SELECT title, runtime_min FROM films WHERE runtime_min > (SELECT AVG(runtime_min) FROM films);
The inner query, SELECT AVG(runtime_min) FROM films, collapses the whole films table to a single number: 102. The outer query then behaves exactly as if you had typed WHERE runtime_min > 102 — the subquery's answer is used like a literal value. On the Marquee's three films, only one clears the bar:
| title | runtime_min |
|---|---|
| The Long Rain | 112 |
A subquery that boils down to one row, one column — one value — is called a scalar subquery, and it can stand anywhere a single value could: after a comparison in WHERE, even in the SELECT list. One honest edge to know now rather than later: if a query in that position returns more than one row, the database refuses, because a comparison needs one value to compare against.
IN and Lists
A subquery doesn't have to shrink to one value — it can hand back a whole column of them, and the outer query can test membership against that list with IN. Lora's question: which films have screenings on screen 2? The inner query gathers the film ids that appear in screen 2's schedule; the outer keeps the films whose id is in that set.
SELECT title FROM films WHERE film_id IN (SELECT film_id FROM screenings WHERE screen = 2);
| title |
|---|
| The Long Rain |
| Paper Lanterns |
Read IN as the plain question "is this value in that set?" — for each film, true keeps the row, false drops it, the same row-by-row thinking as every WHERE since Chapter 3. The inner query built the set; the outer query interrogated it.
Subquery or JOIN?
Sharp readers will have noticed that the screen-2 question smells like a JOIN — films connected to screenings through film_id is an arrow straight off the schema diagram.
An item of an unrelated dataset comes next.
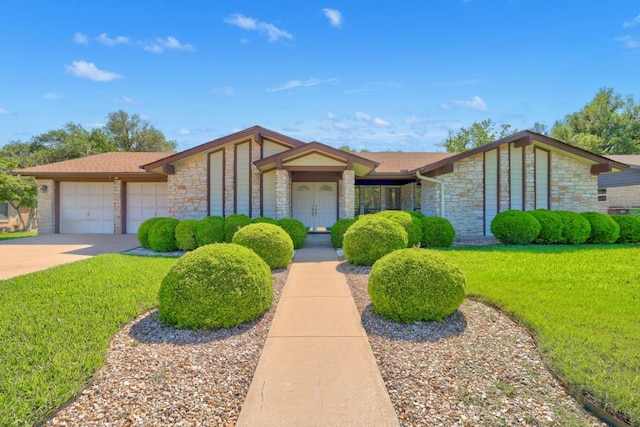 mid-century modern home with stone siding, concrete driveway, a front yard, and a garage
Correct, and here is the same question written both ways:
-- as a subquery: screenings only filter the films SELECT title FROM films WHERE film_id IN (SELECT film_id FROM screenings WHERE screen = 2); -- as a JOIN: DISTINCT collapses repeat matches SELECT DISTINCT f.title FROM films f JOIN screenings s ON s.film_id = f.film_id WHERE s.screen = 2;
Both return the same titles, and the choice between them is taste more than law — but the taste has a rule of thumb worth carrying. Reach for a JOIN when you need columns from both sides in the answer (the title and the showtime). Reach for a subquery when one table merely filters the other and contributes nothing to the output, as screen 2's schedule does here. Fluent readers use both shapes daily and translate between them without ceremony.
Don't Nest for Sport
Since queries can eat queries, nothing stops a subquery from containing its own subquery, and so on downward. Resist. Two levels read fine; five read like a legal document, and knowing where to stop is part of the craft. When a question genuinely needs many stacked steps, grown-up SQL has a kinder tool — WITH … AS, which lets you name each step before using it. Its name is all this book will drop; the deep-dive course picks it up properly.
One performance worry, defused before it forms: "the inner query runs once per row, so this must be slow." Usually not — the engine typically computes an independent inner query once, or quietly rewrites the whole thing into a join-like plan. Write the version that says what you mean most clearly, and measure before optimizing; that is Chapter 8's spirit, one chapter early.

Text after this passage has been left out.